The verses below focus on the Git tricks that slip my mind from time to time. My attempt to describe them in rhyming stanzas is an attempt to make them easier to recall. I hope there's something in these rhymes that you can take away to assist you as well, whether it gets you out of a jam in Git or just helps you get the children to sleep faster.
How to Read the Rhymes
The rhymes assume you are familiar with Git already; they go beyond basic commands. The heading above each rhyme gives a sense of the situation or problem where the rhyme might come in handy. To hide the ball a bit, the actual command inspiring the rhyme is "hidden" away at the bottom of this page. Each rhyme (or series of related rhymes) is followed by a link to the command and a bit of discussion. These links are appropriately entitled "What?"

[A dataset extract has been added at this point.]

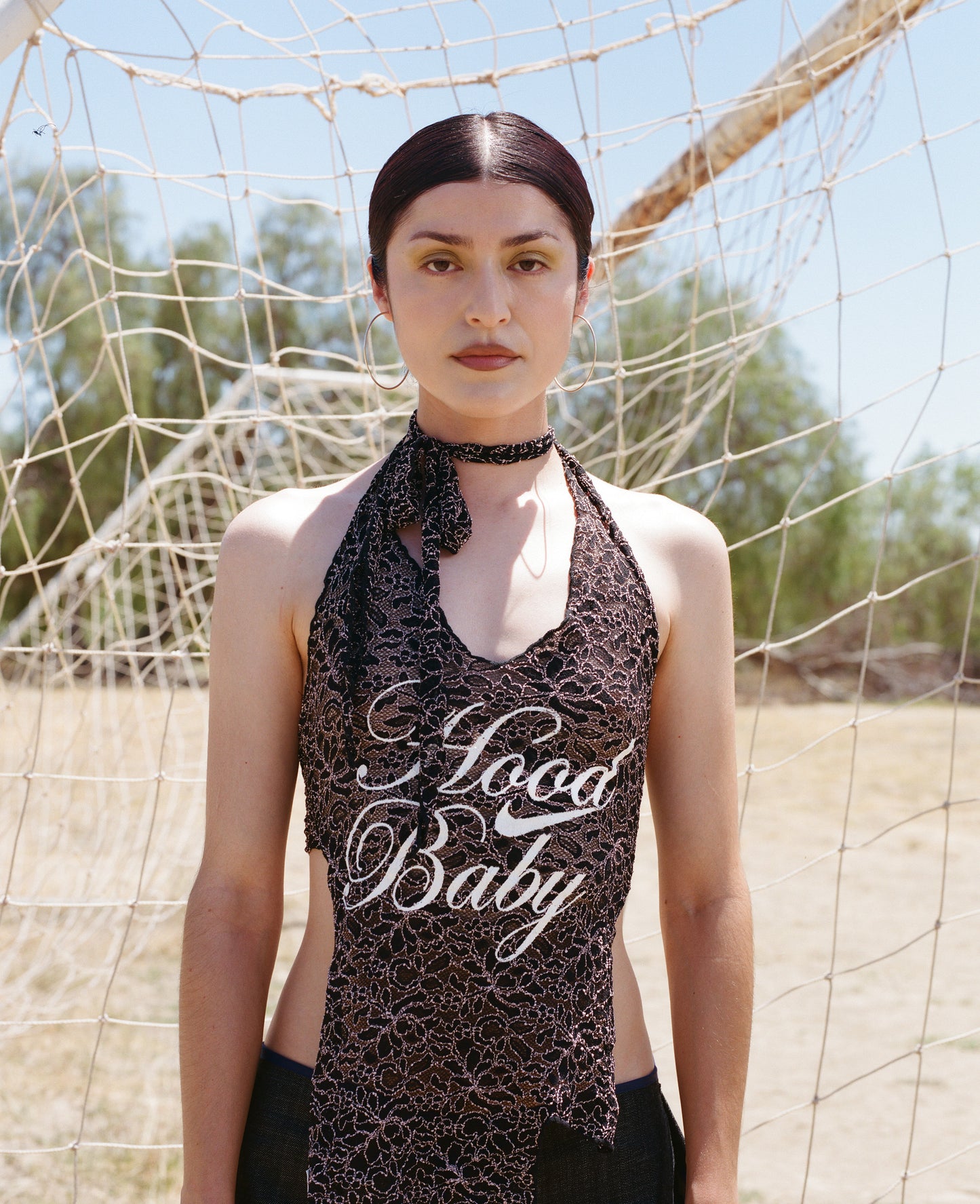 Hood Baby X Nike Lace Halter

I tried to keep a consistent cadence with each rhyme. But that can be tricky when incorporating command-line flags or options. I suggest that when you see something like -p
, you read it as "dash p," and when you see something like --patch
, you read it simply as "patch."
Table of Contents
- Simple SHA Tricks for Various Commands
- 'git log' Tricks
- Further Wonders Using the `-p` Option (aka, `--patch`)
- `git diff` Tricks
- An Ode to `git reset --soft`, `git reset`, and `git reset --hard`
- Commands to Use If We Need to Iterate
- Apocalypse Now
- Examples and Discussions
1. Simple SHA Tricks for Various Commands
A. Do We Need That Whole Complicated SHA to Do Something?
Typing out SHAs
is a complicated pain.
Try using four letters
to keep yourself sane.
Git can figure it out
without characters ridiculous.
And Git will tell us
when the short SHA's ambiguous.
B. We Don't Even Want a SHA! How Can We Quickly Refer to a Nearby Ancestor?
To refer to a parent
that's nearby a little,
append one of those characters
that looks like a squiggle.
And if you get scared
because there's no second parent,
remember to add a "2"
right after a caret.
2. git log
Tricks
A. Don't Need Your Life Story: How Can We See Commits That Belong Only to This Branch?

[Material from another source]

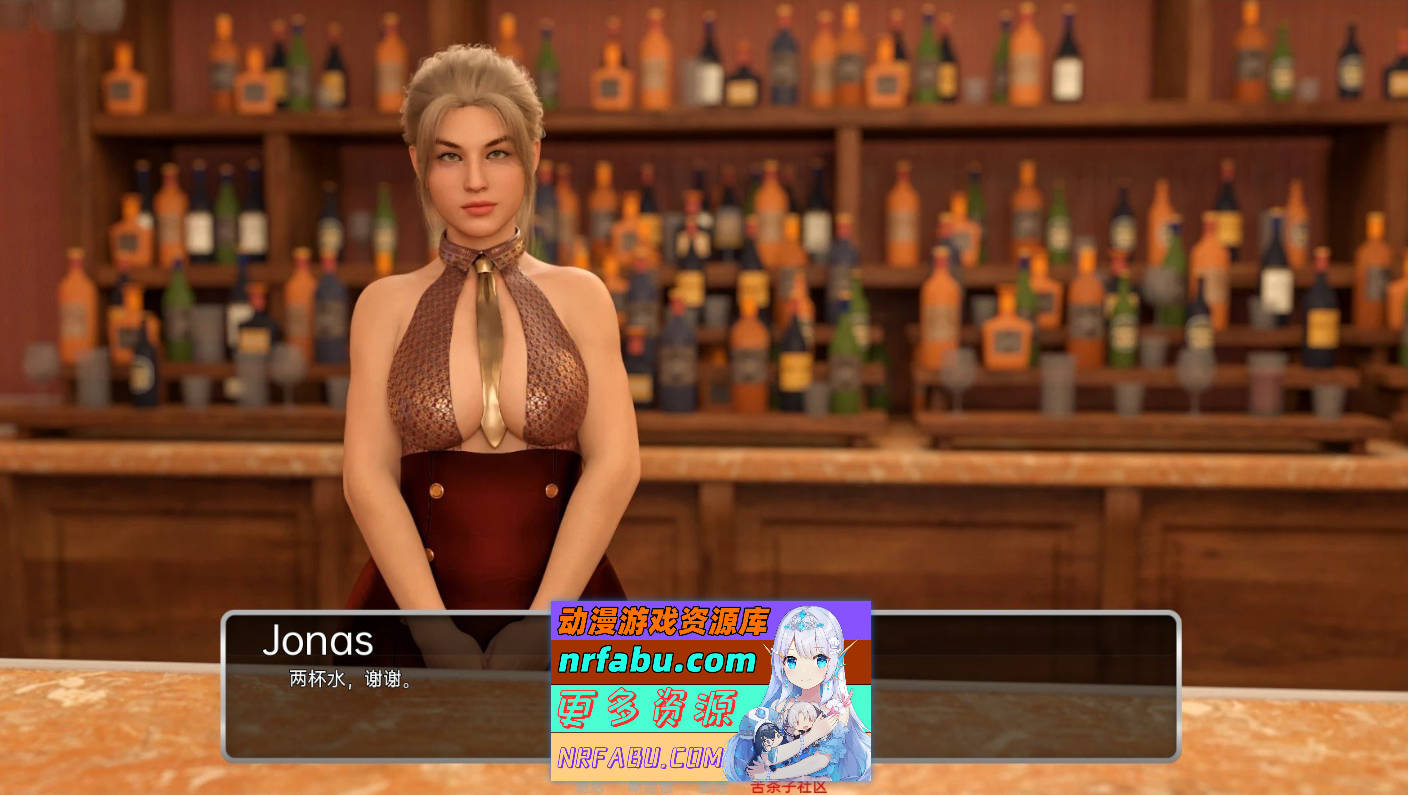 [PC/欧美SLG/汉化]办公室福利V0.1.4 AI汉化版[2G]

There are commits on two branches,
but one branch we'll pooh-pooh.
Put the excluded branch first
and then use the dots two.
Got more branches to exclude,
and you need a better format?
There can be another way,
using the character that's a top hat.
B. Do These Branches Have a Different History? How So?
There are commits on two branches.
You want commits with exclusivity.
Put both branches in your `git log`
and use three dots, a trinity.
A list of unique commits
can be a muddled sight.
When you use the three dots,
make sure to add `--left-right`.
C. We Did Something Somewhere. How Can We Search for It?
Some change happened
for which we must search.
We can use the command
that sounds like it's birch.
To search for a change
in your branch tree,
reach for the flag
that's a capital G.
Want to search through the messages
that somebody wrote?
Use the option that sounds
like an amphibian croak.
Want to search all branches,
both the big and the small?
It's easy, but long-lasting:
append the option `--all`.
D. These Commit Messages are Unhelpful
`git log -p` is one
for the ages.
It will show each commit
with accompanying changes.
3. Further Wonders Using the -p
Option (aka, --patch
)
When manipulating the index
or the working directory,
`-p` can make commands
work incrementally.
A. We Can't Possibly Stage ALL These Changes for One Huge Commit!
To stage bits of changes
in a way that is partial,
`git add -p`
should be in your aresnal.
B. Ugh, We Staged Too Many Changes Anyway
With an overloaded index
that's unfit for commit,
`git restore -p`
will unstage bit by bit.
C. Can We Half-Stash this Half-Baked Idea?
To put aside hunks
you don't want to destroy,
`git stash save -p`
is what you'll employ.
D. Let's Go Back to the Way We Were, Just a Little.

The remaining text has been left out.